A Crossmaglen player, he naturally won bucket-loads of medals at club level. Notoriously, he knocked Mickey Linden's front teeth out in the 2004 Ulster club final, escaped without a card and Crossmaglen went onto win - an incident which purists regard as the ultimate triumph of evil over good.
Sylvie Linnane
There's something about men with girl's names - it seems to make them tougher. John Wayne's real first name was Marion.
Linnane is perhaps the biggest cult hero from the famous Galway team of the 1980s. And probably the toughest too. Despite this he has not gone on to lament the supposed the softness of the current Galway crop in the manner some of his former colleagues have.
Linnane was quick-witted on the pitch too. Towards the end of the 1988 All-Ireland final, Galway led Tipperary by five points, and Tipp were battling frantically to manufacture a goal chance.
Marquee forward Nicky English stood over the free. Looking up at the clock and seeing Tipp trailing by five, he somewhat pleadingly asked the ref, 'How long’s left?'
Interjecting, Sylvie answered the question for the ref. 'You’ve 12 months now'.
Disconsolately, English blasted the ball over the bar, pointlessly reducing Tipp’s arrears to four points.

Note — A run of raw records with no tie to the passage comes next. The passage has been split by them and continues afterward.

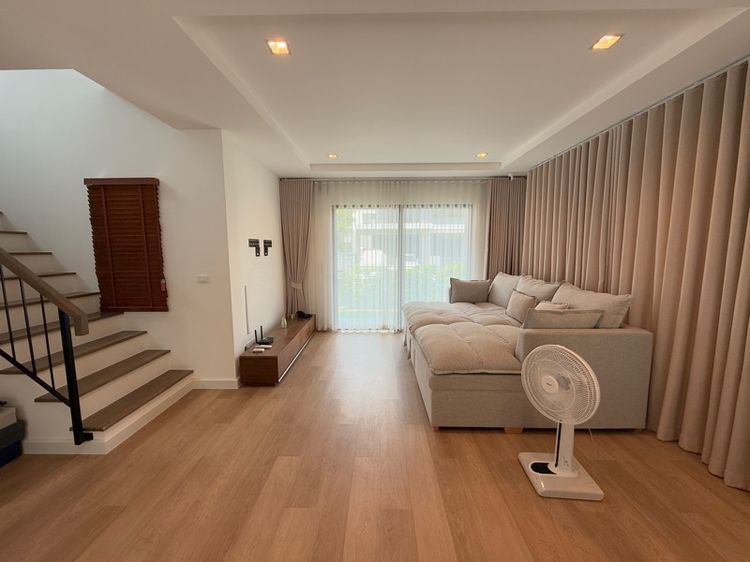 อื่นๆ มีบางส่วน 2023 บ้านเดี่ยว สไตล์มินิมอล Casa Ville รามคำแหง-วงแหวน 2 รูปที่ 2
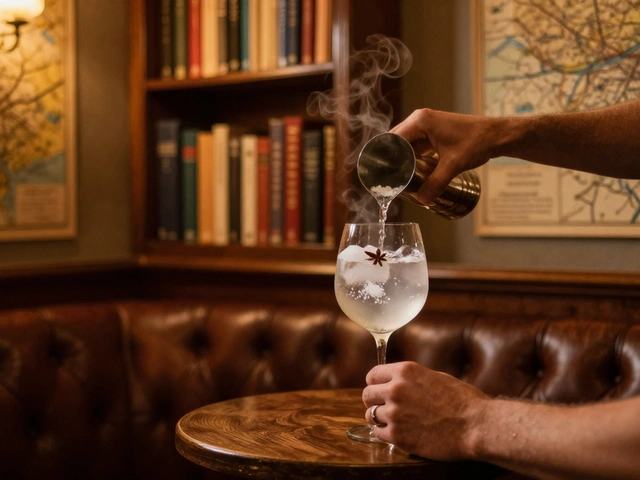 De Beste Cocktailbarren in Amsterdam voor Vieringen en Bijzondere Momenten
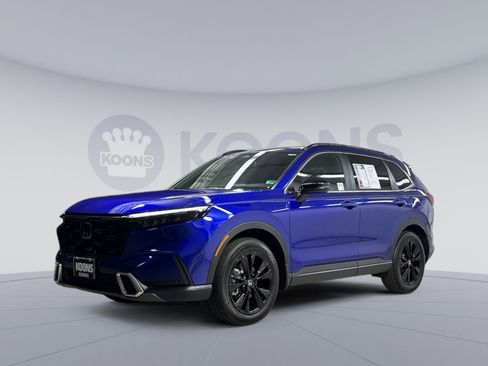 Used 2025 Honda CR-V Sport Touring image 1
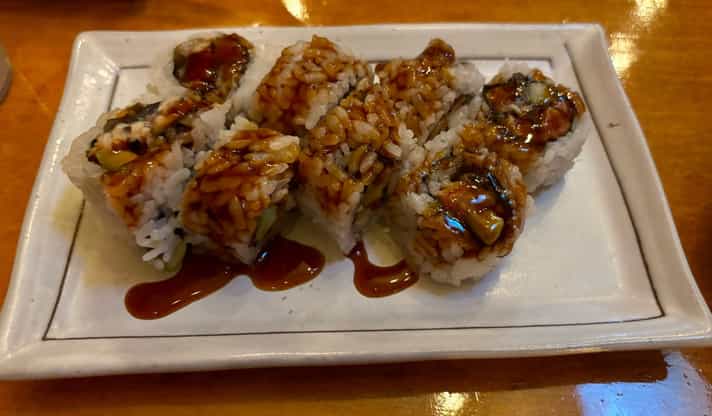 Izakaya Jinsei, Eugene, OR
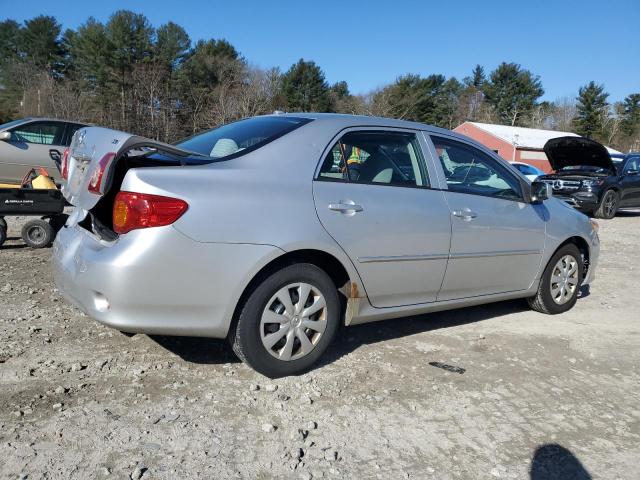 Obraz 3 z 2009 TOYOTA COROLLA BASE 2009 z VIN 1NXBU40E19Z119919
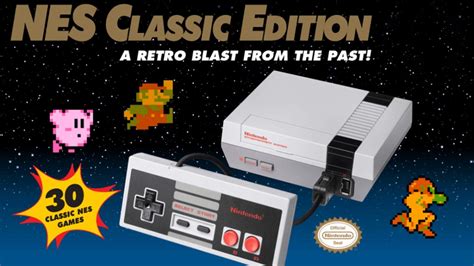 Top de juegos nintendo switch calculado diariamente con el tráfico de 3djuegos con un año de antigüedad máxima por juego. Details and Price of Nintendo's NES Classic Edition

The ref blew up.
When he was pushed over, Conor Hayes had his back.
Colm Coyle and most of the Meath 1996 team
Pat McEnaney had made up his mind. He was going to send off two players, one from each team, Meath's John McDermott and Mayo's Liam McHale.

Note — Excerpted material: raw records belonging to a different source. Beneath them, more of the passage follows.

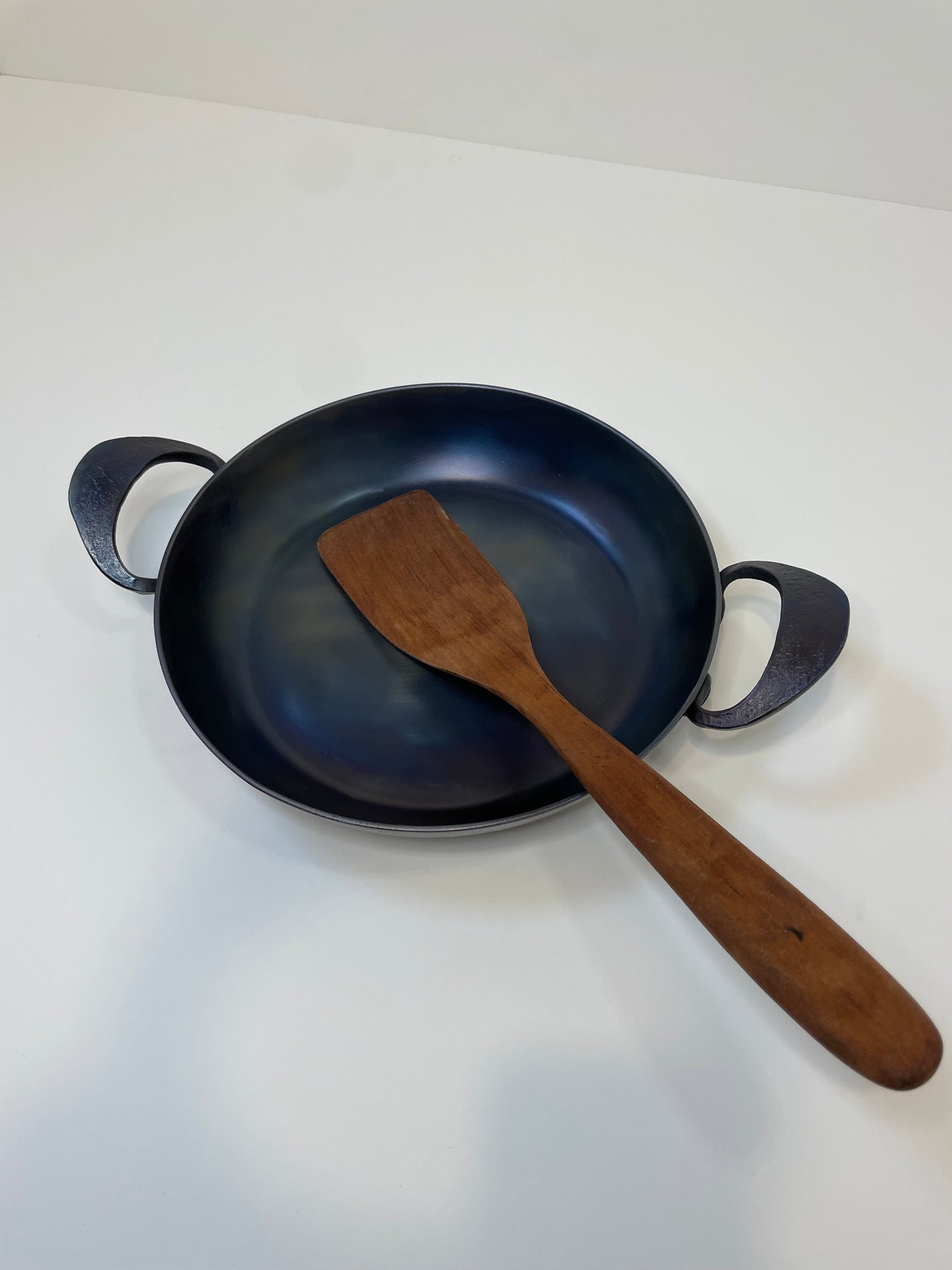 Paella Pan - Hand Forged "Roaster"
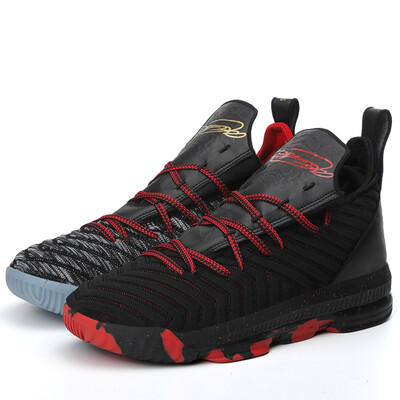 Mens shoes trend fashion couple shock absorption basketball shoes fly woven breathable sports shoes men
Mens shoes trend fashion couple shock absorption basketball shoes fly woven breathable sports shoes men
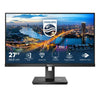 Philips b line 275b1/00 led display 68,6 cm (27\) 2560 x 1440 pixel 2k ultra hd lcd nero
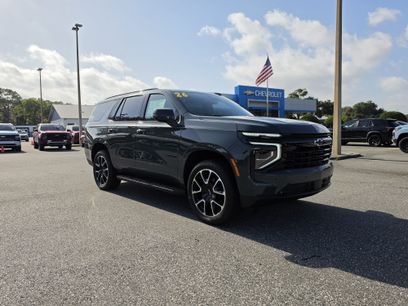 New 2026 Chevrolet Tahoe RST w/ Comfort Package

And then one of his umpires, Francie McMahon, came over to him and uttered the immortal words.
Pat, you're going to have to send off Colm Coyle, he's after dropping about six of them.
Like any self-respecting hard man, Coyle took a dim view of Joe Brolly's penchant for blowing kisses to the crowd, as Joe recounted in a Gaelic Life column. Brolly scored a goal in the final minute of a National League play-off encounter, before tousling the Meath goalkeeper's head and asking him whether 'that was better than sex' (the goalie had earlier made the claim that beating Dublin in Leinster was better than the aforementioned sex).
Then, I commenced to blow kisses to the crowd, interrupted only by Colm Coyle booting me.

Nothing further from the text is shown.